▶ **TASK TO CARRY OUT**: Ignoring every picture, transcribe the data in full as it stands.

▶ **INFORMATION SHOWN**:
Content starts

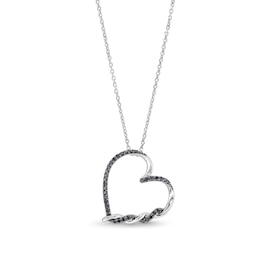 Circle of Gratitude® Collection 0.20 CT. T.W. Black Diamond Tilted Twist Heart Pendant in Sterling Silver - 19&quot;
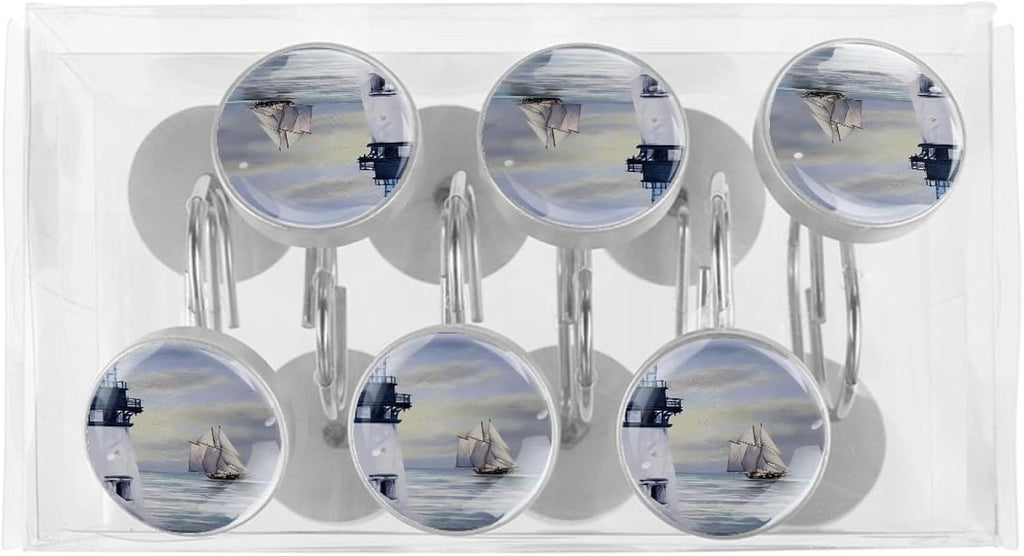 Nautical Lighthouse Decorative Shower Curtain Hooks Rings Set of 12 Hooks for Shower Curtain Rustproof Curtain Rings for Bathroom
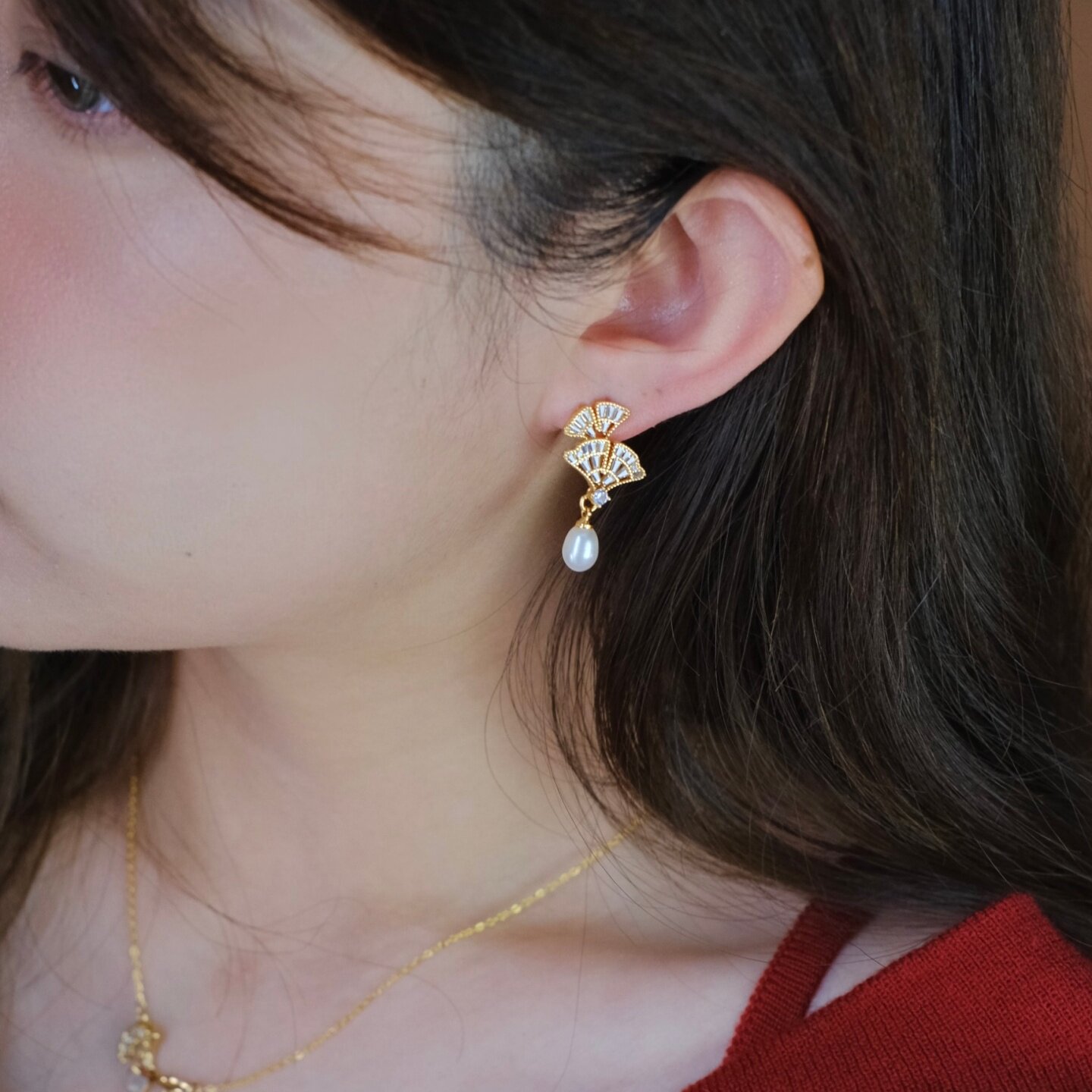 《银杏寄语》复古精致文艺锆石树叶水滴天然淡水珍珠耳钉耳环耳饰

Content ends

▶ **REPLY TO THE EXERCISE**:
 Circle of Gratitude® Collection 0.20 CT. T.W. Black Diamond Tilted Twist Heart Pendant in Sterling Silver - 19&quot;
 Nautical Lighthouse Decorative Shower Curtain Hooks Rings Set of 12 Hooks for Shower Curtain Rustproof Curtain Rings for Bathroom
 《银杏寄语》复古精致文艺锆石树叶水滴天然淡水珍珠耳钉耳环耳饰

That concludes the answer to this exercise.